From Pliny's detailed description of procedures for extracting the fragrant oil, it appears that it was an extremely delicate operation, and that even a minor slip of the operator's hand could severely damage the tree. Training in the requisite skills must have been conducted under very careful controls.
Balsam and its fragrant qualities are mentioned frequently in rabbinic literature. A passage in the midrash described how the larcenous generation of Noah's flood used to smear the locations of people's valuables with oil during the day, so that they would be able to find them easily when they broke in afterwards under cover of darkness.
The midrash goes on to report sardonically that, on the night after Rabbi Hanina told that story in the context of a sermon that he preached in Sepphoris, three hundred break-ins were reported in the town!
Another passage from the midrash described how the promiscuous young ladies of Jerusalem would tread on egg-shells containing balsam in order to irresistibly captivate approaching young men with the seductive fragrance that they released.
In the rabbis' descriptions of the World to Come, it was considered appropriate to include lush landscapes with flowing rivers of balsam. Righteous and saintly individuals were said to exude the fragrance even in their earthly lives, and the beneficial effects of their deeds were figuratively compared to its perfume.
The significance of balsam cultivation to ancient Jewish society has also been invoked to solve a puzzling archeological riddle.
The ancient synagogue in the village of Ein Gedi, which was excavated in the early 1970's, contained an unusual Aramaic mosaic inscription. The text calls down dreadful curses upon the heads of those who would incite strife, inform on their comrades to the gentiles, steal their neighbours' property, or divulge the secrets of the village to outsiders.
Understandably, scholars have been hard pressed to fill in a historical context that would have provoked the community to be so concerned about those particular indiscretions, to the point that the curse should be inscribed prominently and permanently on the floor of a house of worship.

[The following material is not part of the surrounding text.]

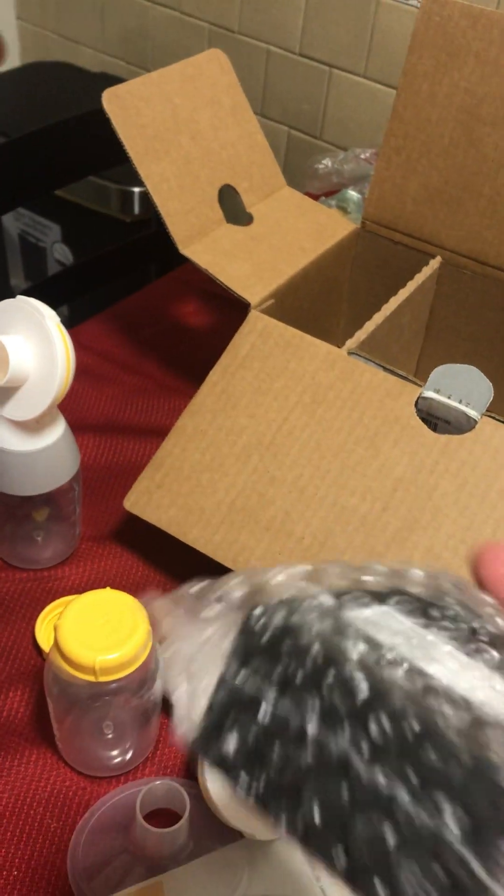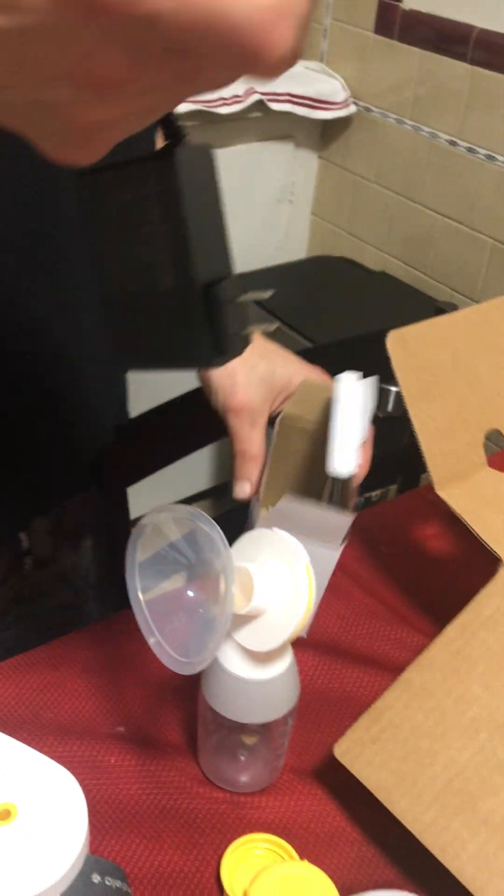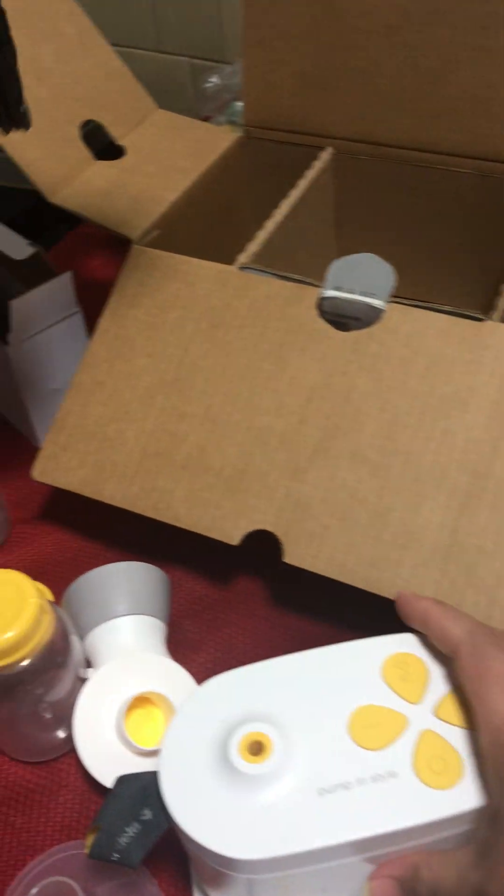This one's the power cord. This one's the wire because it's electric. Then this one is the main machine.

The most persuasive interpretation of the inscription relates it to Ein Gedi's unique situation as one of the centres of Judean balsam cultivation. As was evident from the above-mentioned description by Pliny, the tending of balsam trees, the extraction of the gum and the preparation of the oil involved specialized training and dexterity. It was common in the ancient world to preserve the secrecy of such rare skills within the confines of individual families or exclusive guilds. As we have seen, the need for secrecy was felt more urgently by the Jewish communities in the Land of Israel, who lived under the yoke of despised occupiers, and were willing to destroy their cherished plantations rather than allow the Romans to benefit from their lucrative professional secrets.
Accordingly, some scholars have argued that, after their defeat in 70 C. E., when they were forced to pursue their craft as mere tenants of Roman taskmasters, the guild of balsam-cultivators imposed an explicit curse upon anyone who would betray their industrial secrets, as well as on those who might interpret their status of subservience to the Romans as a carte blanche to pilfer company equipment.
In spite of the efforts of our conquerors, the memory of Israel's world-famous balsam cultivation still continues to spread its tangible fragrance centuries later, in the pages of our classic literature and in the inscriptions of our ancient houses of worship, as it is borne along by the breezes of Jewish history.